Hiring Trump’s attorney is not exactly the expression of “peace, love and music” that most would expect from the founder of Woodstock, but with his legacy and anniversary event on the line, Michael Lang is fighting back against detractors who say Woodstock 50 is doomed.
“Dave, my grip is right here and it’s fine,” he wrote in an email to Billboard shortly after the email newsletter The Real reported “Lang is Losing His Grip” in the subjectline of their newsletter. He also hired attorney Marc Kasowitz, a well-known trial lawyer and partner of the New York-based law firm Kasowitz Benson Torres who previously served as personal outside attorney for President Donald Trump and briefly represented him in the Russia probe led by Special Counsel Robert Mueller.
“A story just ran in Billboard saying that the Woodstock 50 artists can terminate their contracts because the agreements were with Dentsu and the festival is canceled,” Kasowitz wrote in an email to Lang’s publicist at Rogers and Cowan who then forwarded it to Billboard as part of an inquiry in our reporting. “Both those statements are untrue. The artists’ agreements are with Woodstock 50 LLC and the festival has not been canceled and preparations are continuing.”
But that’s not right either. Agents with two talent agencies representing major headliners at the anniversary festival reinterated to Billboard this afternoon that Dentsu Aegis’ decision to pull out of the festival released artists from the contract they signed with Dentsu’s holding company Amplifi Live, saying there is no chance their artists will perform now that the financial backer of the festival has left.
“First, no one from Lang’s office or Woodstock 50 has called us to let us know what is going on. Second, our contract was with Amplifi Live, not with Woodstock 50,” said one agent representing a number of headliners on the bill.
Another major talent agency said their contract was made directly with Dentsu and said that Woodstock 50’s lack of permits to hold the festival, coupled with the resignation of show producer Superfly, demonstrates that Lang would be unable to deliver the concerts, which meant a breach of the contract.
Because artists are in high demand, most festival contracts give far more control to artists than festival promoters and often require new promoters to pay 100% of the guarantee up front and agree that artist keep all deposits if the event is cancelled by the promoter. Part of that is because artists have limited opportunities to make money — if one date gets cancelled it’s hard to find a makeup date on short notice.
But also it’s an issue of supply and demand, and with demand coming from festivals all over the world, artist have more leeway to pick and choose where they want to play and set terms that heavily favor creators.

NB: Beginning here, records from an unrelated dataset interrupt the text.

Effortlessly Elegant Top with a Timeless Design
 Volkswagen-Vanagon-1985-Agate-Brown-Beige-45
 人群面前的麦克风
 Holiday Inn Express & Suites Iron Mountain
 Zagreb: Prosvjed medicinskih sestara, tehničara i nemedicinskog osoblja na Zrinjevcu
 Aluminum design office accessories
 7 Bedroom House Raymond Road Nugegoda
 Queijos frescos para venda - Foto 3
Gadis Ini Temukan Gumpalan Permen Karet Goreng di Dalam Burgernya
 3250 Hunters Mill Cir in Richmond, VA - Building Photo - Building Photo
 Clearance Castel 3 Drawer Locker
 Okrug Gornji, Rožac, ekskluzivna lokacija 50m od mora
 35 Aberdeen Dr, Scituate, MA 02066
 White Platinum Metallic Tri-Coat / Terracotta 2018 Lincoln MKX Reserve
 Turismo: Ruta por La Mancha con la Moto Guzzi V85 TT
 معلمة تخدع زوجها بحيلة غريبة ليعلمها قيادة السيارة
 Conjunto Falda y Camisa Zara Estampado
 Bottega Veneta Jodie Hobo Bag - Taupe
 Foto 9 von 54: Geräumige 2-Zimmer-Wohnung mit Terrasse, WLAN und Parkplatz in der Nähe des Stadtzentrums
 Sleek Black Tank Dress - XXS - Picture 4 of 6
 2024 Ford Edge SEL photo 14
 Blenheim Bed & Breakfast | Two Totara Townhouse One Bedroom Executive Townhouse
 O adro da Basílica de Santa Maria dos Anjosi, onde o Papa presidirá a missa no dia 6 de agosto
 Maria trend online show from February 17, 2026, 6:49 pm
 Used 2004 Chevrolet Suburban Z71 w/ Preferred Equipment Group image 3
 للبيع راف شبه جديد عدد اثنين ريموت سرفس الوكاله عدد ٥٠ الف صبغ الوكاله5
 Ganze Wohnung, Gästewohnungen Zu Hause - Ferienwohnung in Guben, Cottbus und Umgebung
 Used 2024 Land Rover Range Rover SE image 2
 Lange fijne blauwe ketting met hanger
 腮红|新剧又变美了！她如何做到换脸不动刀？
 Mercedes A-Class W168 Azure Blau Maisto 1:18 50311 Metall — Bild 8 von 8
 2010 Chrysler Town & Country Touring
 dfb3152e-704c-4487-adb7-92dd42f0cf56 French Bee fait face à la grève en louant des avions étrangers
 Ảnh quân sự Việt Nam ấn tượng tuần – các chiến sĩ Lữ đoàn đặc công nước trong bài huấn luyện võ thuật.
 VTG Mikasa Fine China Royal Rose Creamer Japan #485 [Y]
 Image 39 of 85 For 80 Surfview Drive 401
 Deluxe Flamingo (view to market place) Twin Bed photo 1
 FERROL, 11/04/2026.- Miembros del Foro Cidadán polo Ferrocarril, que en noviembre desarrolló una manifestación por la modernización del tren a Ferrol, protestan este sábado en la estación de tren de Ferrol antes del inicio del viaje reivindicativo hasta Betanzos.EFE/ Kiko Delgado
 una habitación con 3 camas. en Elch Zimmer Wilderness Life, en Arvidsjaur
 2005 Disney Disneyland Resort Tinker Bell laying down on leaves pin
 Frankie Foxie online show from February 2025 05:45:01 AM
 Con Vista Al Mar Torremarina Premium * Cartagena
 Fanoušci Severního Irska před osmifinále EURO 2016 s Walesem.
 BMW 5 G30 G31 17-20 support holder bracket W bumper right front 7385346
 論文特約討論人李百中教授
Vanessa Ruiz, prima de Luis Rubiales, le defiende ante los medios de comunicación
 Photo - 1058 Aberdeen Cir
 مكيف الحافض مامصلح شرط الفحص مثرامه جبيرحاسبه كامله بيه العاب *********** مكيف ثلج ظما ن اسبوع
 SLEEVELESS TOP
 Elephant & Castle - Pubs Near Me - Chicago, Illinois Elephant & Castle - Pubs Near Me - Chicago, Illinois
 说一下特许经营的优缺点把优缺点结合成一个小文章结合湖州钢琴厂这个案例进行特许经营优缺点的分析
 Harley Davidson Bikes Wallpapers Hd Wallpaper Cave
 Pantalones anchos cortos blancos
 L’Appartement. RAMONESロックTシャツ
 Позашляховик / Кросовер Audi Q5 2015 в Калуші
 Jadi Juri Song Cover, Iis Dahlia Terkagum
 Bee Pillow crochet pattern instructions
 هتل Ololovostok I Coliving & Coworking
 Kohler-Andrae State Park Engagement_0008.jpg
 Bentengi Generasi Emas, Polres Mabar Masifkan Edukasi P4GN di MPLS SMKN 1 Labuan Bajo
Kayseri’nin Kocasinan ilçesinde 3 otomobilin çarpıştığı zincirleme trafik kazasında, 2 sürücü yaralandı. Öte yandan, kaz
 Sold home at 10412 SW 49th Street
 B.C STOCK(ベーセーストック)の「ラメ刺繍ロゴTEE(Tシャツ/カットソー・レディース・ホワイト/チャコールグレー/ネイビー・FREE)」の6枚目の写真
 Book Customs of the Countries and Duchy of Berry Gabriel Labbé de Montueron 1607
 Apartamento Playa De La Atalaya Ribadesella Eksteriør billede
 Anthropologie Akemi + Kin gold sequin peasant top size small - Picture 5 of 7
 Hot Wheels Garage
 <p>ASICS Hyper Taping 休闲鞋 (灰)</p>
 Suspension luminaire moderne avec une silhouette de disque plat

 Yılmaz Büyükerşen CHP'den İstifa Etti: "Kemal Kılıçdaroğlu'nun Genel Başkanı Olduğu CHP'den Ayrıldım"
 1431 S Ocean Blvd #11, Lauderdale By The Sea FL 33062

It’s likely that Lang already knows this and could be using the booking issue to set up a legal fight with Dentsu Aegis down the road, but even that strategy is frought with peril. Going up against the Japanese giant could expose him to a costly countersuit. If a judge or jury finds him and his investors at Woodstock 50 — including hotel operator Greg Peck — liable for the $30 million in losses Dentsu Aegis suffered, a judge could force the sale or transfer Lang’s assets to the advertising conglomerate, including his rights to the Woodstock name.
That would definitely not be in line with the spirit of the concert that forever changed rock and roll ushered in the cultural revolution. Lang better hope Trump doesn’t need his attorney back because Kasowitz certainly has his hands full with this one.